- Directions: Write out the records again exactly and exclude the pictures.

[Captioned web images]
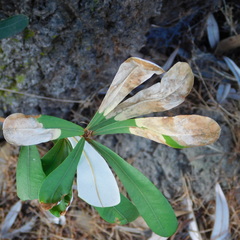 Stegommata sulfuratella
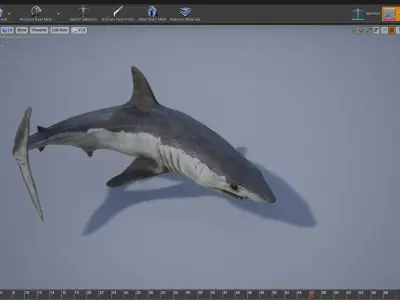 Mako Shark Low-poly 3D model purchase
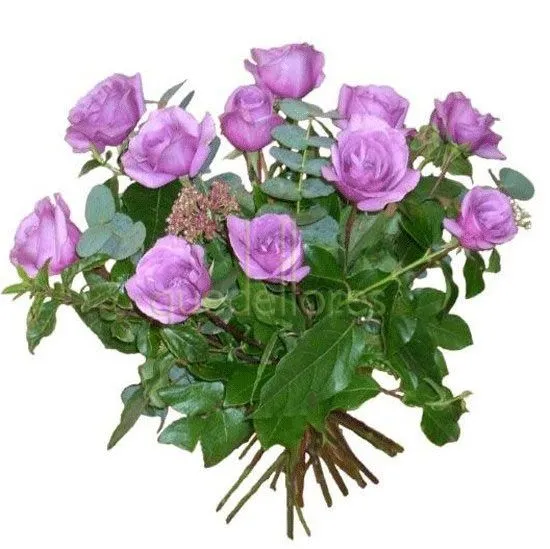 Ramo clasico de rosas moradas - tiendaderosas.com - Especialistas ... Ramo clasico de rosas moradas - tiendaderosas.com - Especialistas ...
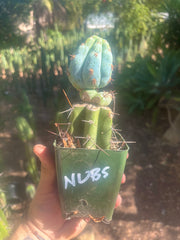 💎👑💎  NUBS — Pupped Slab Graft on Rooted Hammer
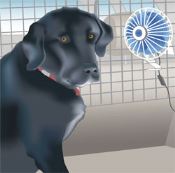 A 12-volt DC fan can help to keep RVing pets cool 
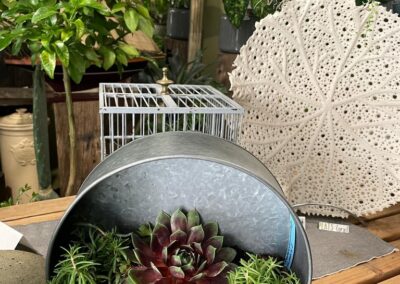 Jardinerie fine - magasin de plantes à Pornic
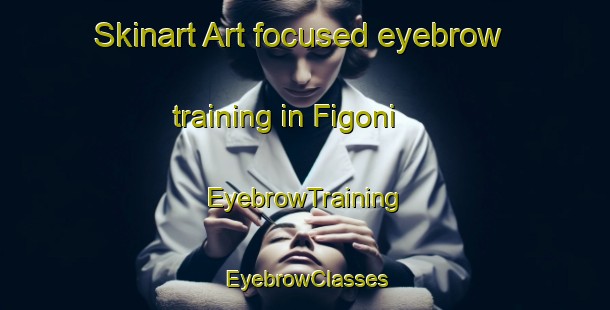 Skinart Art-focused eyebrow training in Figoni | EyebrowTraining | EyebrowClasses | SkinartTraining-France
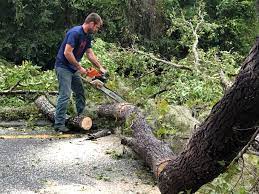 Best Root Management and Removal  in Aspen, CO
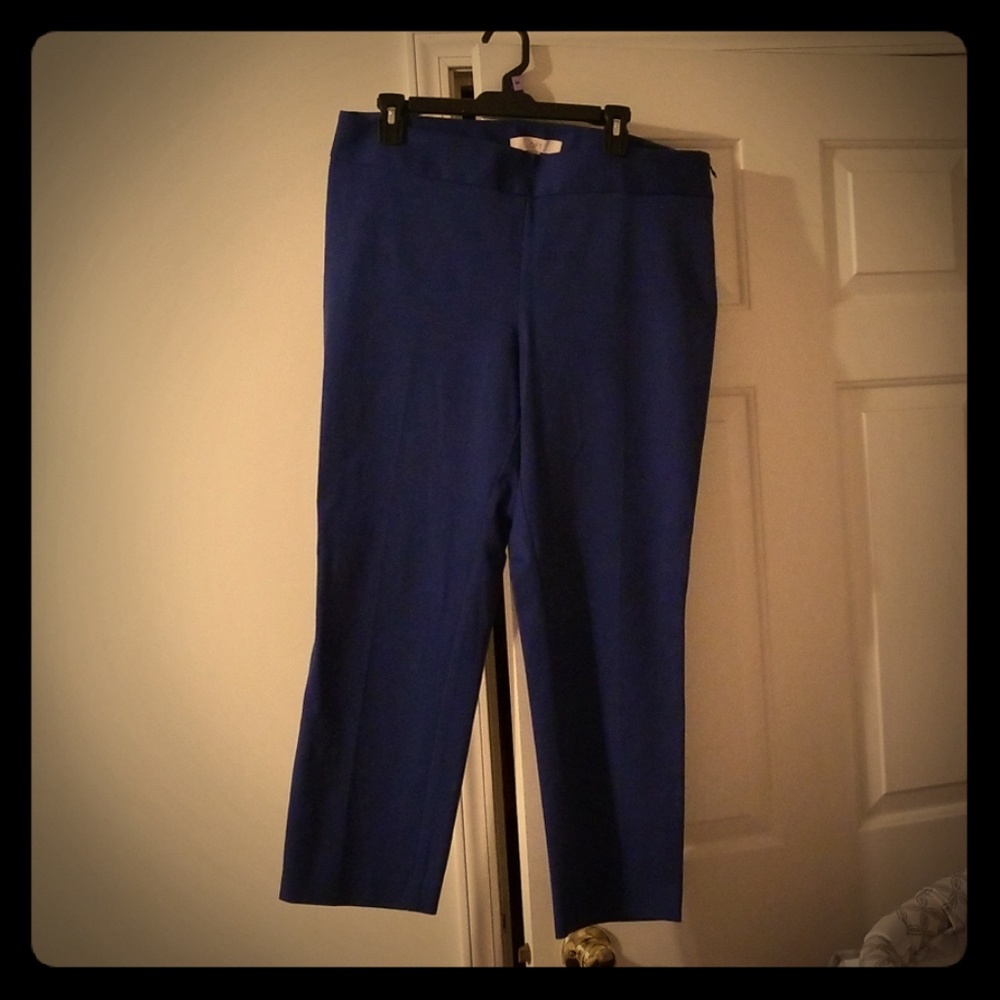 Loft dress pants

- Result of the exercise:
 Stegommata sulfuratella
 Mako Shark Low-poly 3D model purchase
 Ramo clasico de rosas moradas - tiendaderosas.com - Especialistas ... Ramo clasico de rosas moradas - tiendaderosas.com - Especialistas ...
 💎👑💎  NUBS — Pupped Slab Graft on Rooted Hammer
 A 12-volt DC fan can help to keep RVing pets cool 
 Jardinerie fine - magasin de plantes à Pornic
 Skinart Art-focused eyebrow training in Figoni | EyebrowTraining | EyebrowClasses | SkinartTraining-France
 Best Root Management and Removal  in Aspen, CO
 Loft dress pants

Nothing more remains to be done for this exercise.